Exercise objective
Among the entries below, find the line with "毛戈平妆前粉衣30ml隔离霜皮肤衣妆前提亮肤色打底生日礼物送女生", then quote it and each following line up to and including the line with "TRANSINO II Skin", and nothing else.

Recorded data
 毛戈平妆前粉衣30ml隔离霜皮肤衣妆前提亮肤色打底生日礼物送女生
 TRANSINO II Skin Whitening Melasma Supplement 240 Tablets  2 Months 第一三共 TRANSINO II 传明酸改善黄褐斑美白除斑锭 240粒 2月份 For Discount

...

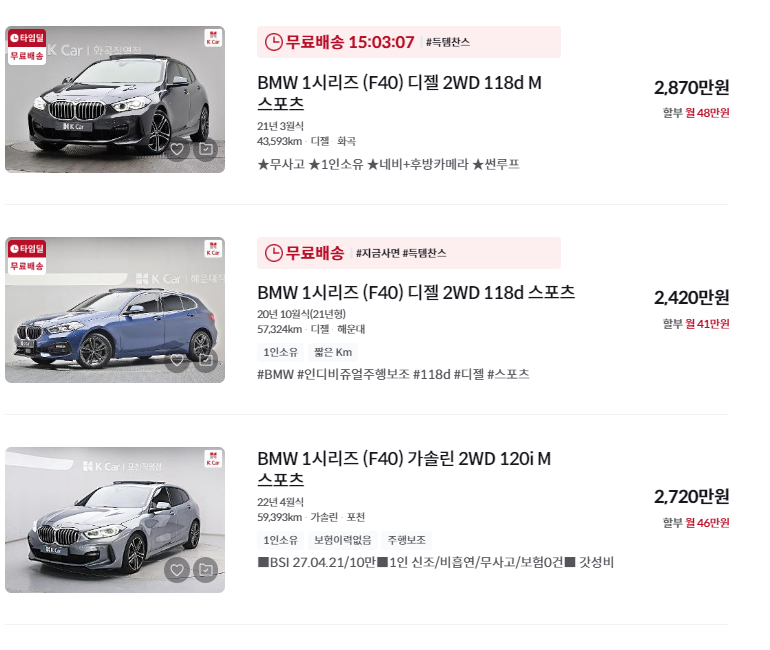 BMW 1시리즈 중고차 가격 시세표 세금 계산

---

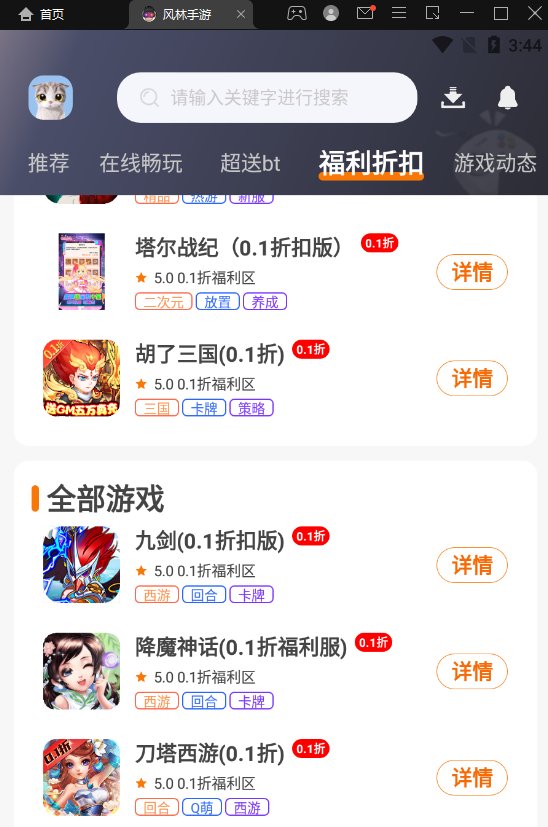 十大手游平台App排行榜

Finished exercise
 毛戈平妆前粉衣30ml隔离霜皮肤衣妆前提亮肤色打底生日礼物送女生
 TRANSINO II Skin Whitening Melasma Supplement 240 Tablets  2 Months 第一三共 TRANSINO II 传明酸改善黄褐斑美白除斑锭 240粒 2月份 For Discount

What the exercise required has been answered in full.